Buddhistische Christen und buddhistische Juden

„Immer mehr Menschen lassen sich von mehr als einer Religion inspirieren“

 

Münster (15. April 2015) – Immer mehr Menschen lassen sich nach Untersuchungen von Religionswissenschaftlern von mehreren Religionen inspirieren. „Waren die westlichen Gesellschaften in der Vergangenheit noch weitgehend monoreligiös, nehmen sie inzwischen zunehmend multireligiöse Gestalt an“, sagte der Religionswissenschaftler Prof. Dr. Perry Schmidt-Leukel vom Exzellenzcluster „Religion und Politik“ am Dienstagabend in Münster. Ein empirisch gut belegter Fall für multireligiöse Identitäten im Westen seien buddhistische Christen und buddhistische Juden, so der Forscher. „Als wichtiges Motiv für diese Doppelidentität lässt sich herausfiltern, dass der Buddhismus vielfältige Meditationsformen bewahrt hat, während dem westlichen Christentum seine eigene kontemplative und mystische Tradition in der Moderne weitgehend abhandengekommen ist.“

Multireligiöse Identitäten seien keine Seltenheit mehr, unterstrich der Forscher in der Ringvorlesung „Transfer zwischen Religionen“ des Exzellenzclusters und des Centrums für religionsbezogene Studien (CRS). Er verwies auch auf Erhebungen wie den Religionsmonitor der Bertelsmann Stiftung: „So stimmten 71 Prozent der Menschen in Indien, 32 Prozent in den USA und 22 Prozent in Deutschland dem Satz zu, dass sie auf Lehren verschiedener religiöser Traditionen zurückgreifen.“ Als Beispiel nannte er die Schriften des Dalai Lama, die für viele protestantische oder katholische Christen ebenso eine spirituelle Quelle seien wie die des Benediktinerpaters und Buchautors Anselm Grün. „Es gibt keineswegs nur eine fundamentalistische Abgrenzung gegenüber allen fremden religiösen Einflüssen, wie angesichts aktueller Religionskonflikte vermutet werden könnte, sondern auch die umgekehrte Entwicklung zur Herausbildung multireligiöser Identitäten“, sagte der Wissenschaftler. Im Vergleich zu früher stünden heute viel mehr Menschen die schriftlichen Quellen unterschiedlichster Religionen offen.
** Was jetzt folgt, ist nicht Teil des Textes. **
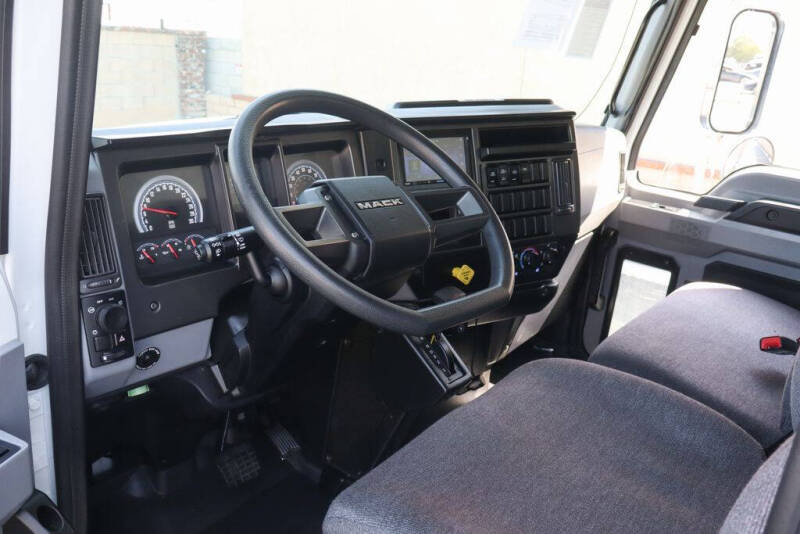2022 Mack MD6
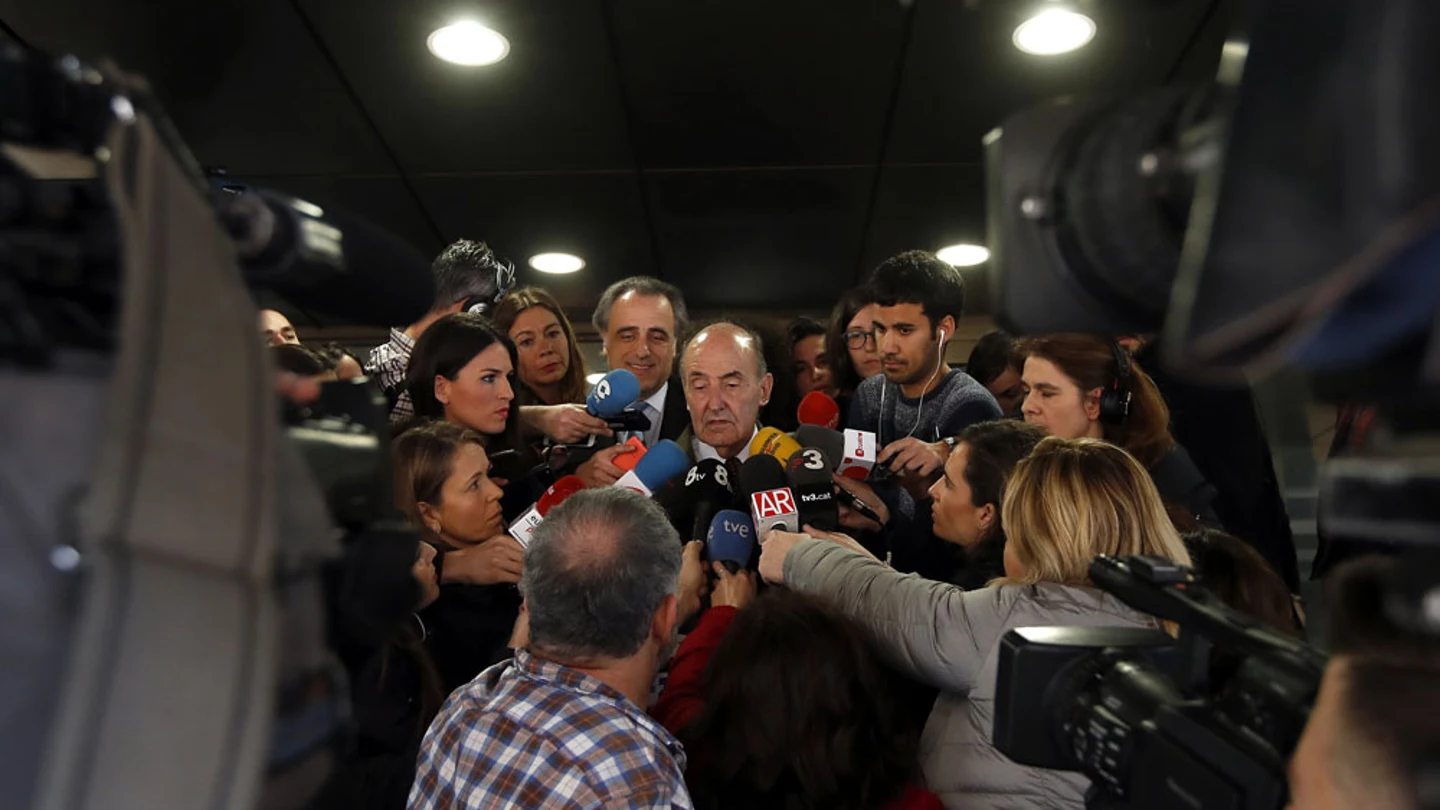Miquel Roca, ante los medios Miquel Roca, ante los medios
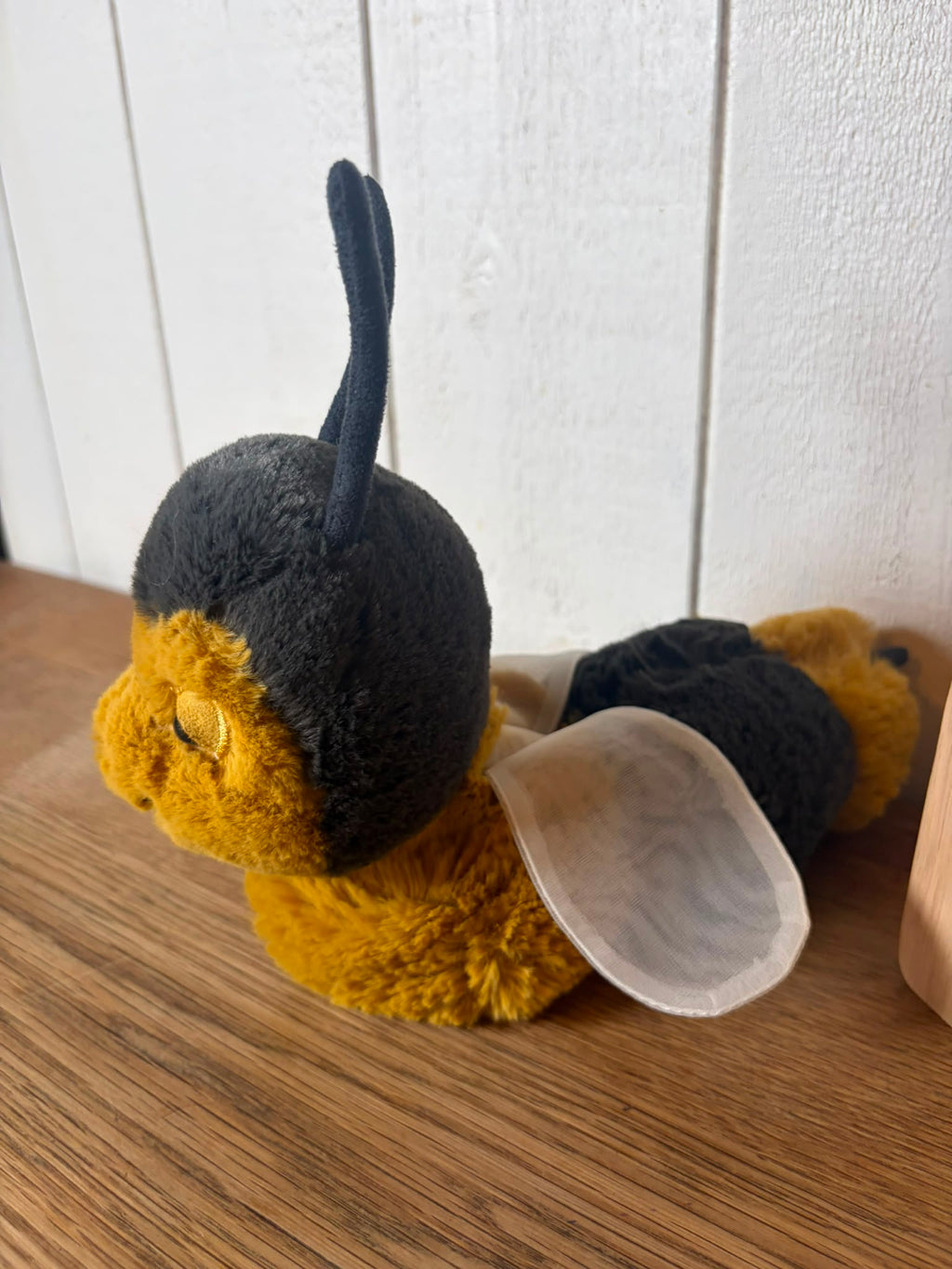 Jellycat Berta Bee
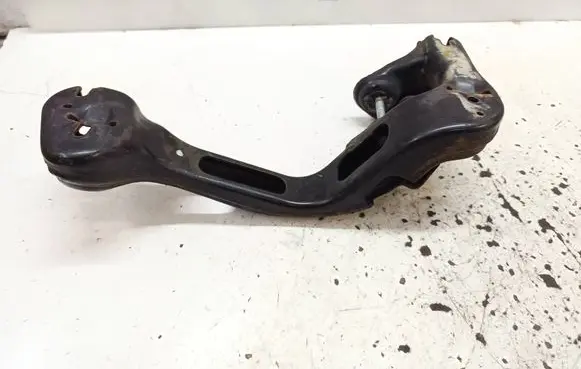 BMW X3 E83 Gearbox mounting bracket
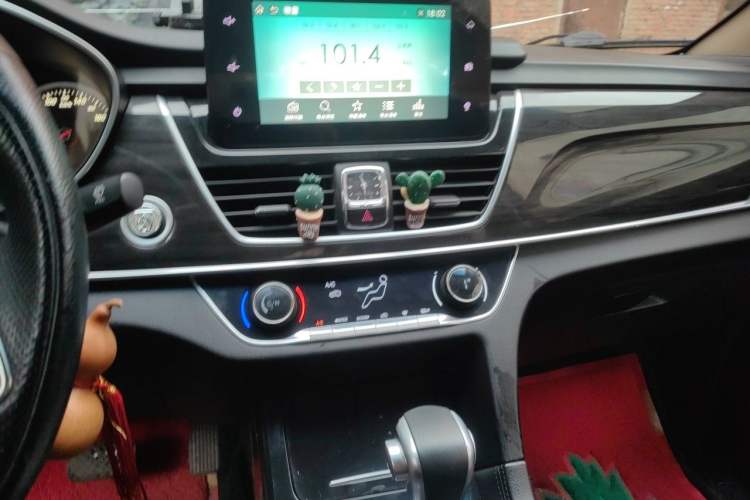 Used Baojun 560 2017 1.5T DCT Prestige Edition Audio And AC Panel
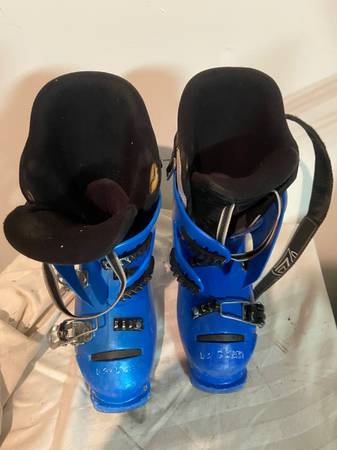 ~*~DOWNHILL SKI BOOTS ~*~ 1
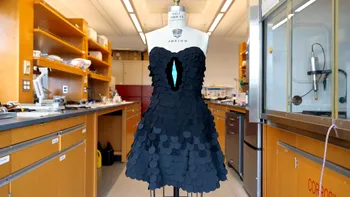 Cel mai negru material textil creat vreodată: un pas uriaș pentru știință și design. De ce contează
Genaue statistische Angaben zur religiösen Mehrfachzugehörigkeit lassen sich dem Forscher zufolge nicht machen, da viele Staaten bei der Erhebung von Bevölkerungsdaten – im Unterschied zu beispielsweise Japan – bei der Frage nach Religionszugehörigkeit nur eine Antwort zulassen oder nur enge Zugehörigkeitsformen als Kleriker oder Angestellter einer religiösen Institution erfassen.


„Durch den Buddhismus neue Wahrheiten erkannt“

Mit Blick auf buddhistische Christen und buddhistische Juden stellte der Forscher unterschiedliche Grade der Zugehörigkeit fest. „Neben einer Vielzahl an Christen und Juden, die sich unterschiedlich stark durch den Buddhismus beeinflussen lassen, gibt es die kleine Gruppe der Double Belonger, die ganz bewusst und gezielt eine buddhistische Doppelidentität leben“, so Prof. Schmidt-Leukel. Unter den buddhistischen Christen seien sogar Gläubige, die beiden Religionsgemeinschaften offiziell angehörten.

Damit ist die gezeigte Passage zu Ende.